Give the data below again exactly as written, but without the pictures.

LISTED RECORDS Start Marker

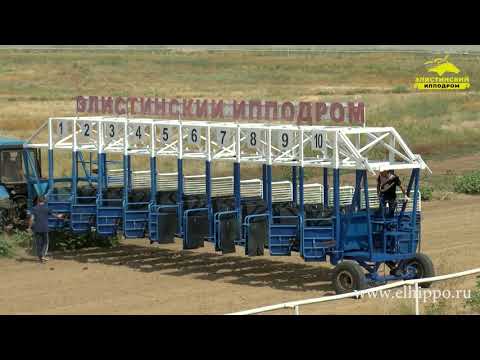 Видео: Приз Большой Элистинский Дерби 22.08.2021г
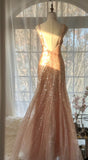 Champagne Shiny A Line V Neck Beaded Sequin Prom Dress Evening Dress HZ1023
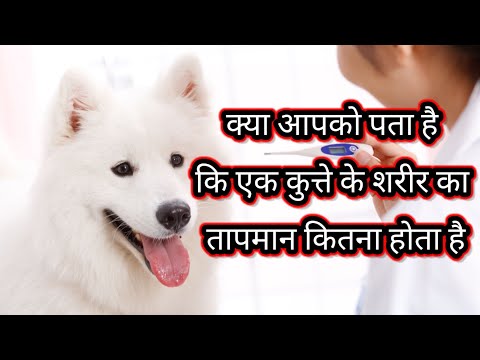 वीडियो: कुत्तों में कम शरीर का तापमान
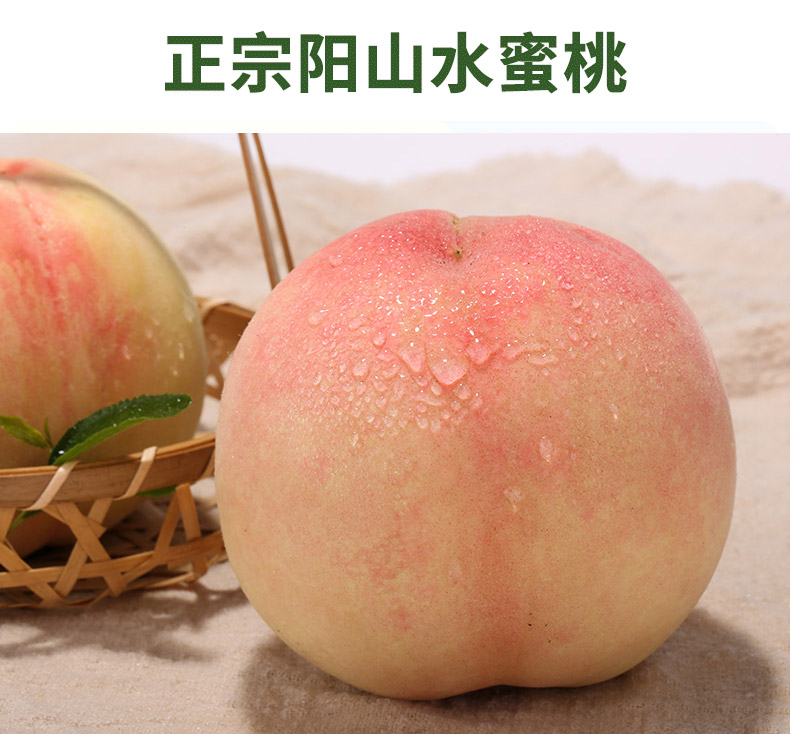 菲农旗舰店正宗无锡阳山水蜜桃7-8两6个超大软桃子新鲜现季水果阳山湖景2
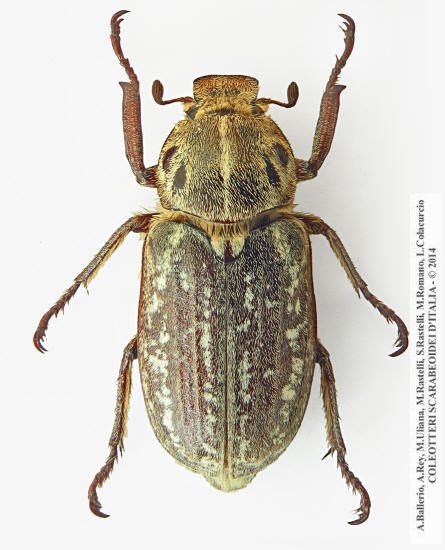 Anoxia orientalis, maschio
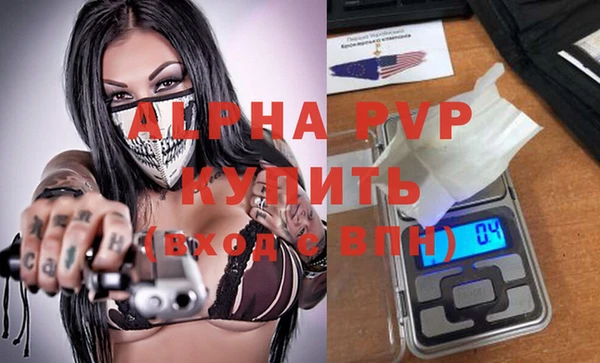 шишки Ельня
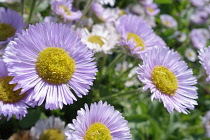 Fleabane, Erigeron 'Prosperity', Mauve coloured petals with yellow stamen, growing outdoor.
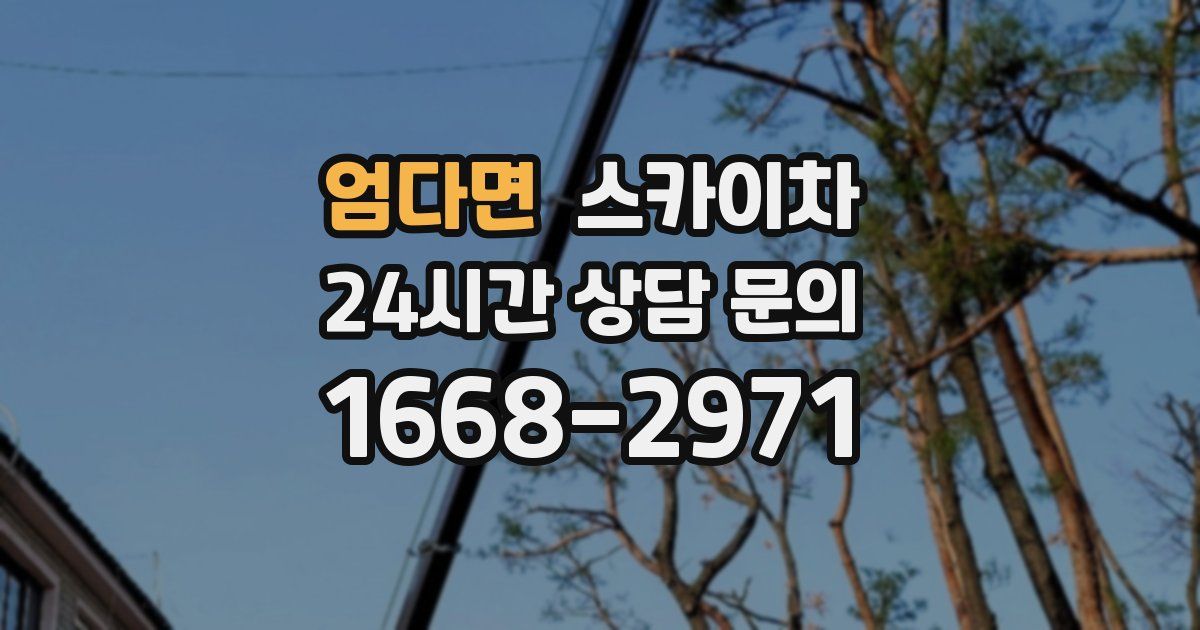 엄다면 스카이차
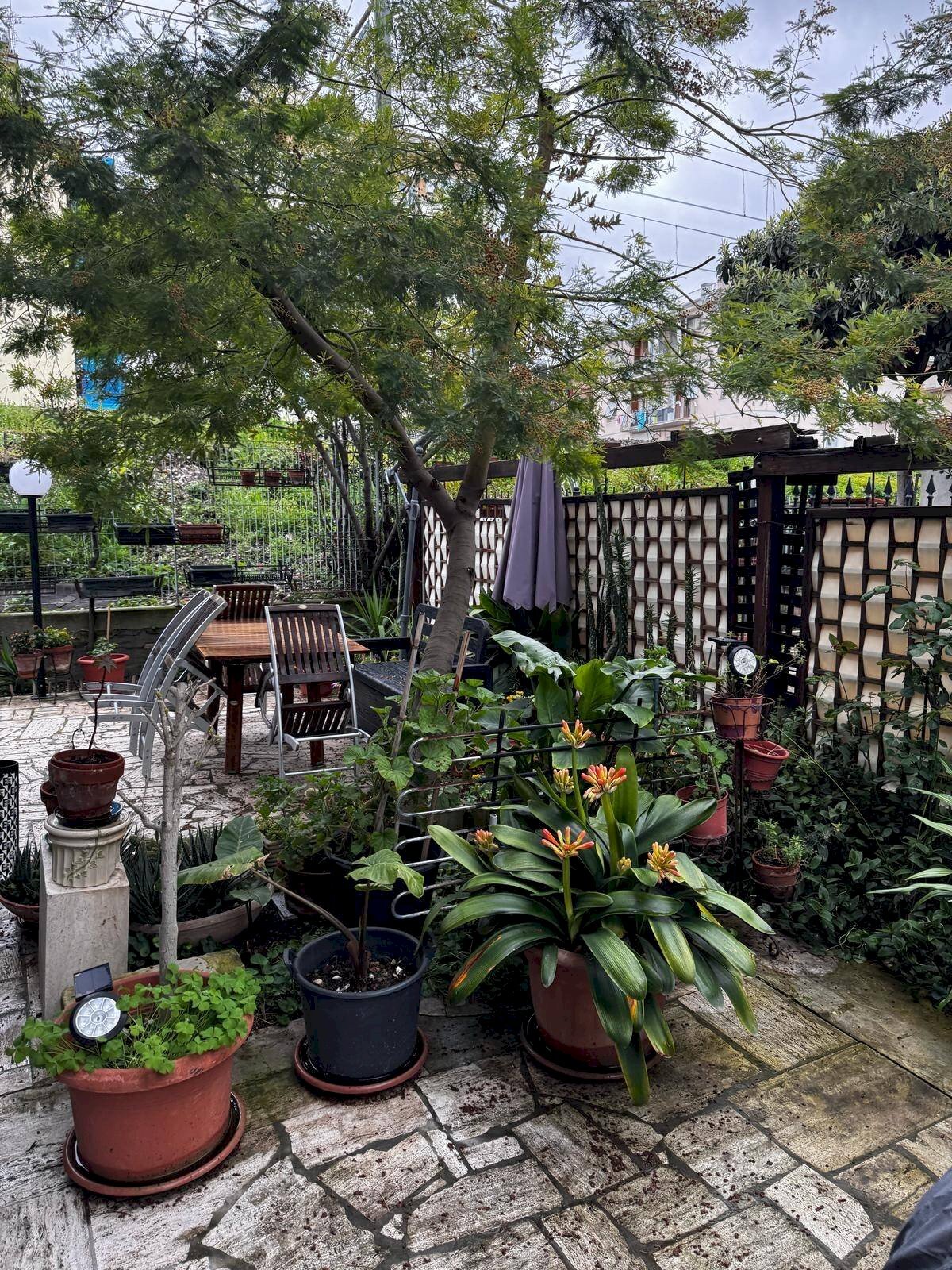 Foto 1 - Casa indipendente San Benedetto del Tronto - foto 1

LISTED RECORDS End Marker

▶ _RESULT FOR THIS TASK_:
 Видео: Приз Большой Элистинский Дерби 22.08.2021г
 Champagne Shiny A Line V Neck Beaded Sequin Prom Dress Evening Dress HZ1023
 वीडियो: कुत्तों में कम शरीर का तापमान
 菲农旗舰店正宗无锡阳山水蜜桃7-8两6个超大软桃子新鲜现季水果阳山湖景2
 Anoxia orientalis, maschio
 шишки Ельня
 Fleabane, Erigeron 'Prosperity', Mauve coloured petals with yellow stamen, growing outdoor.
 엄다면 스카이차
 Foto 1 - Casa indipendente San Benedetto del Tronto - foto 1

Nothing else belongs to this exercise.